Let's hope they go open source.

----------


## mcw

Well, if they can do it for two colours then it must be straightforward to do it for more. So straightforward that they would be wise to stick with two for now -- keep it as simple as possible until they're much closer to production.

----------


## Mjolinor

Clever but OMG that is one can full of potential problems for actually using it. 

There must be a filament splicer in there. I am thinking that it must take your SD card and use the USB to send to the printer in order to keep track of when to change the colour and your filament had better be pretty damned accurately made..

----------


## Brian_Krassenstein

With two innovative startups coming together with technology, Mosaic Manufacturing just produced a 3D printed flashlight by using Functionalize’s F-Electric filament, which is a thousand times more conductive than other filament, and opens up a whole new world to 3D printing enthusiasts who are interested in 3D printing with electronics. With F-Electric, Mosaic Manufacturing used their SEEM technology with a single extruder to 3D print the initial circuit part for the flashlight, and then added a battery and lighting source. Check out more details: http://3dprint.com/28858/mosaic-3d-prints-flashlight/ ‎

----------


## Feign

Well... Okay, wow, so that's actually really cool.  And demonstrates that it can definitely do multiple different materials.

I'm interested to see how much this costs compared to the difference between say a single-extruder delta and multi-extruder Cartesian.  Even if this is a little more than the difference, I could see it selling _very well_ thanks to it having some perks over a dual-extrusion setup.  (not to mention watching a Delta mysteriously printing in multiple colors would be much more interesting than the usual boxy printer.)

Also, it looks like it would be right at home next to a MOD-t.  :Wink:

----------


## Feign

Well! It looks like Mosaic Manufacturing just had an update.
To sum up their blog post:
 - They've more or less honed in on making the machine a consumer product (whatever exactly that means).
 - They are testing the thing with a whole lot of different printers (though no specific list yet).
 - Testing with soluble support/conductive/etc to see what works with what, again no specifics.
 - Next update in mid-February, probably about beta testing.
 - Crowdfunding campaign probably in March.

I kind of like the fact that they're not spending too much of their time blogging, but man, I was starting to forget they existed for a little bit.  Depending on their price (and their crowdfunding site choice*) I'll probably be throwing handfuls of my money at them.

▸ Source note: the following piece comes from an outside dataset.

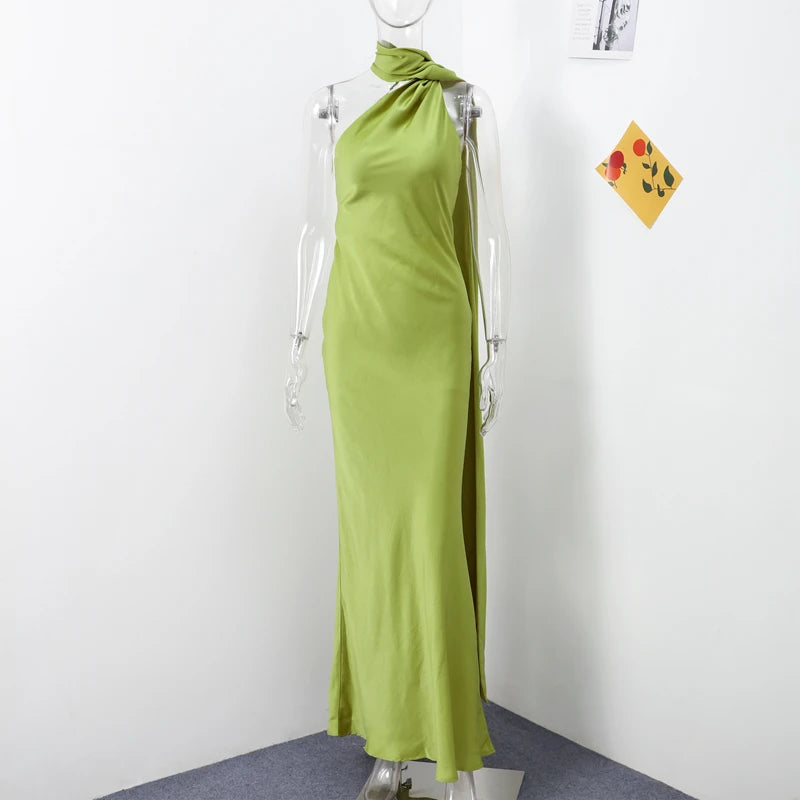 Elegant Women's Ribbon Long Satin Party Dress Halter Backless Sleeveless Female Dresses 2025 Summer Lady Solid Evening Gowns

*Totally off topic, but I have utterly lost faith in Indiegogo.  There _are_ a few good campaigns there, and I have high hopes for the projects I've contributed to in the past.  However,_ IGG itself_ has burned me now by being dodgy with my money and that loses my future business.

----------


## soofle616

I signed up for those updates as well. It's definitely a clever solution though i do have to wonder just how adjustable the thing is going to end up being. Given the HUGE array of printers out there there is simply no way they will be able to calibrate this thing to work with every possible machine. In order to not limit their market then, they will need to allow for adjustments to whatever parameters determine when to cut and fuse the different pieces. Documentation and support are going to be key here to make sure that people don't end up with an expensive piece of equipment that they can't get to work properly.

----------


## truly_bent

Call me a noob, but i don't understand what's to calibrate. It looks, from the vids, that the Mosaic box doesn't replace the extruder feed mechanism, so all they have to worry about is being able to stay one step ahead of that. Well, that's not all they have to worry about. They also have to be sure that the colours synchronize with the printer movements, but i'm sure they have that figured out.

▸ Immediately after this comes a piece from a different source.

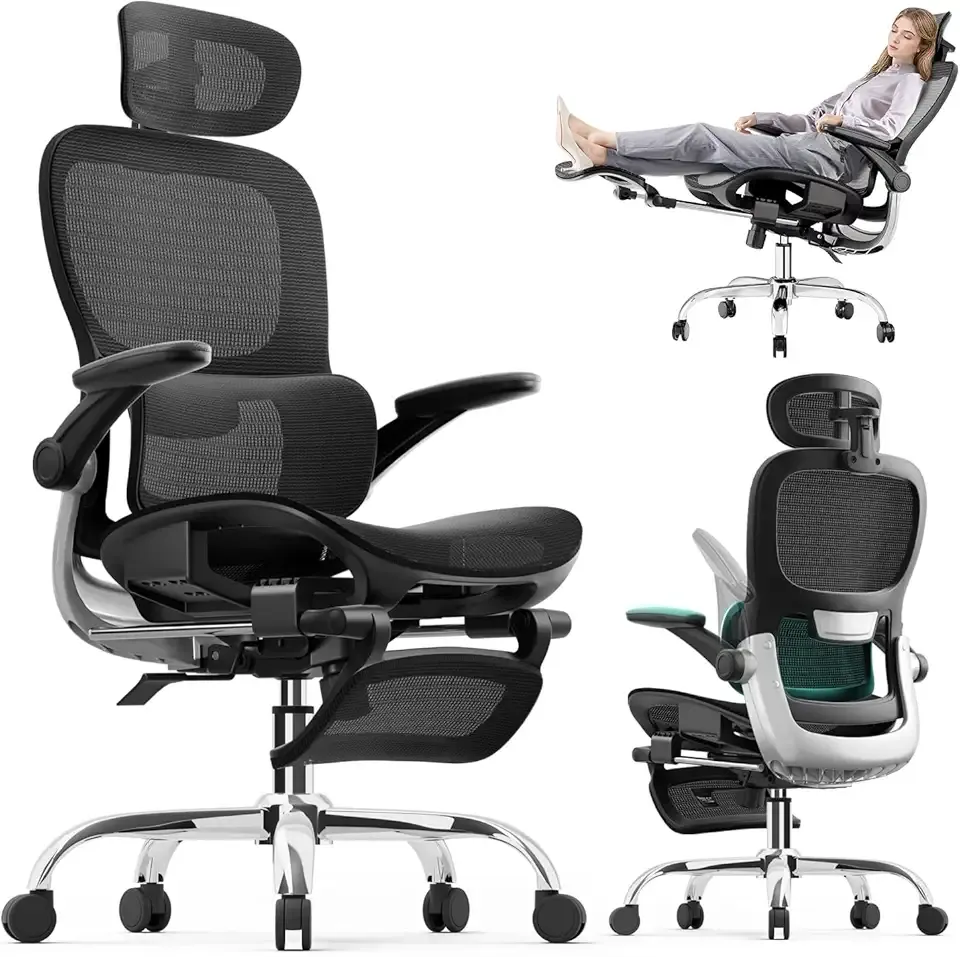 Ergonomic Office Chair, Mesh Seat Cushion with Flip-Up Armrests and 3D Headrest, Adjustable Lumbar Support, SGS Class 4 Gas Clylinder, Black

What else is there to calibrate?

----------


## Feign

> What else is there to calibrate?


Well, the Mosaic machine needs to know exactly how far the hot end (more accurately the nozzle output) is from where it is splicing the filaments to know how far ahead in the G-Code it needs to look for the material change.  They can have a tube that keeps the filament at an exact length from the device to the printer, but the distance from the printer intake to the hot end is pretty variable, even on a direct drive extruder.  If this distance is off, then the distance the output color is wrong is magnified by the difference in the filament and nozzle areas.

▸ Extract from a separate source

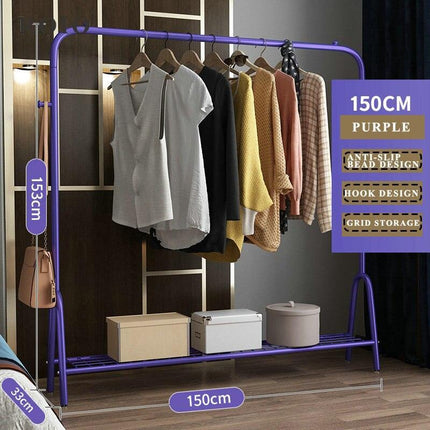 Elegant Rose-Gold Single-Pole Garment Stand and Storage Solution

For instance, say you are using 3mm filament (actually 2.98mm) and you have a 0.4mm output (about as far a difference as one would reasonably find).  The filament's cross sectional area is just under 14 times that of the output area.  So if there is an error in the distance between the Mosaic machine and the nozzle is off by 0.1mm, the output would have a offset error of around 1.4mm every time the color changes.

Most professional printers hold pretty tight standards, but home printers are pretty likely to have a tolerance of around 0.1mm in places, much more for a Bowden tube setup.  So it is absolutely essential to calibrate the distance for each individual printer, not even just for each model.  Though getting the intended dimensions of as many printers as possible is a good idea for making a _general range_ for calibration for each printer model.

----------


## mitchfrommosaic

> I signed up for those updates as well. It's definitely a clever solution though i do have to wonder just how adjustable the thing is going to end up being. Given the HUGE array of printers out there there is simply no way they will be able to calibrate this thing to work with every possible machine. In order to not limit their market then, they will need to allow for adjustments to whatever parameters determine when to cut and fuse the different pieces. Documentation and support are going to be key here to make sure that people don't end up with an expensive piece of equipment that they can't get to work properly.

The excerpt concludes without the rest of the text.